Volume 628

  • No. 8007 11 April 2024

    Insects at risk

    The cover shows a green leafhopper (Cicadella viridis). Five papers in this week’s issue explore the environmental challenges now facing insect populations, with climate change emerging as a key factor whose influence has potentially been underestimated. Jörg Müller and colleagues analyse 27 years of insect biomass data to reveal that weather anomalies associated with climate change can affect insect biomass in the temperate zone. In a second paper, Melanie Kazenel and co-workers find that warming caused by climate change could pose a threat to bee diversity in the United States, and a paper by Guillaume Ghisbain and colleagues predicts significant reduction in suitable habitat for European bumblebee species owing to human-induced changes to the environment, including climate change.

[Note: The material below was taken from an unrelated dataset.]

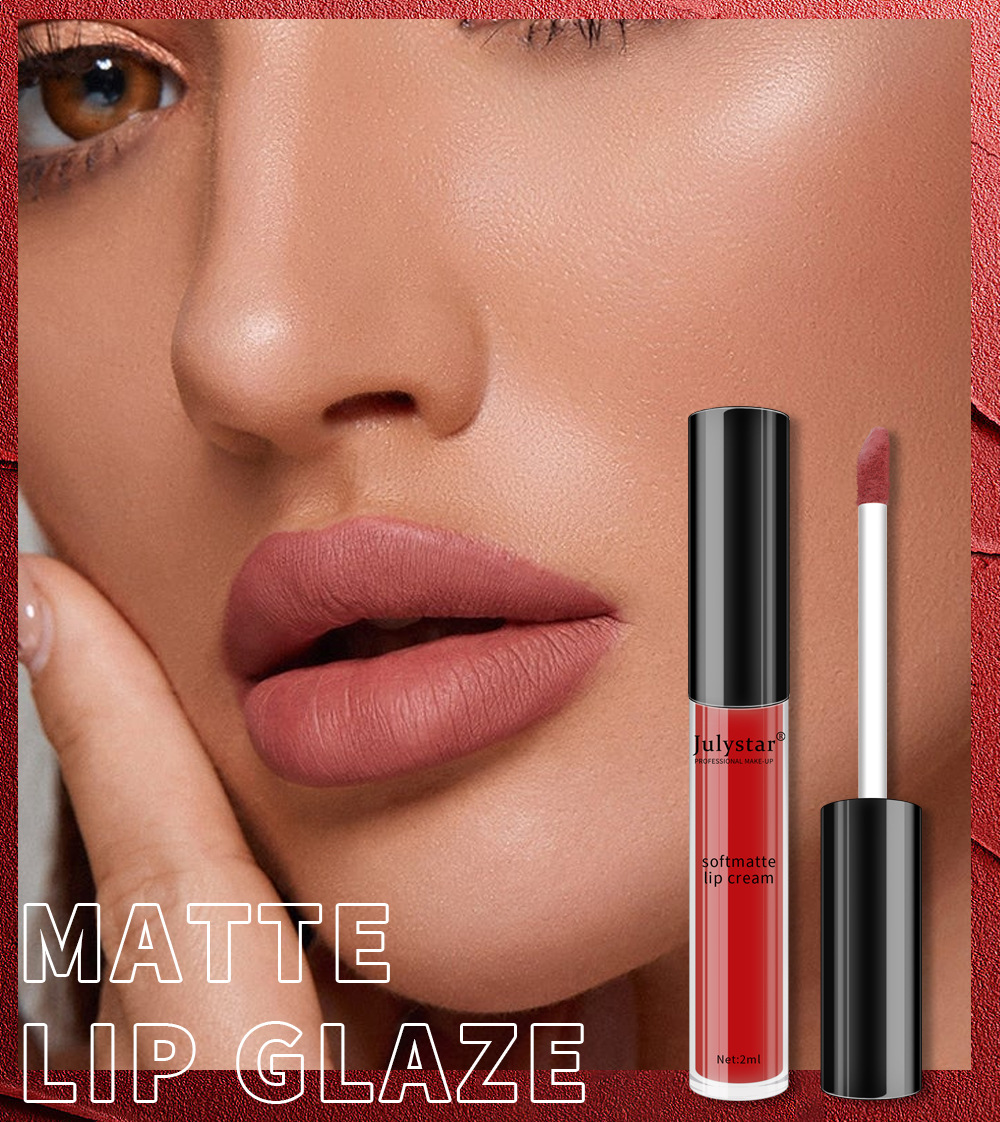 Matter, flüssiger Lippenstift für Damen-Weihnachts-Make-up, langanhaltend feuchtigkeitsspendend, nicht an der Tasse haftend und Lipgloss_voghion.com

Another human effect is highlighted in a paper by Charlie Nicholson and co-workers, which looks at the negative effects of pesticide use on bumblebees in Europe. And a fifth paper by Roel van Klink and colleagues probes how declines in formerly abundant species can drive insect loss.

  • No. 8006 4 April 2024

    Close connections

    Human physiology is affected by the huge range of microorganisms that make up the microbiome, but the molecular bases for these effects are largely unknown. In this week’s issue, Noah Palm, Aaron Ring and colleagues present an atlas of interactions between human tissues and the microbiota. The researchers devised a system called BASEHIT that uses yeast clones to display human extracellular and secreted proteins (exoproteins), which are then screened for interactions with hundreds of commensal bacteria known to inhabit different tissues in the human body. The resulting interactome revealed thousands of previously unknown molecular-level host–microbe interactions. The cover shows an artist’s impression of one such interaction between a bacterium and a BASEHIT yeast cell.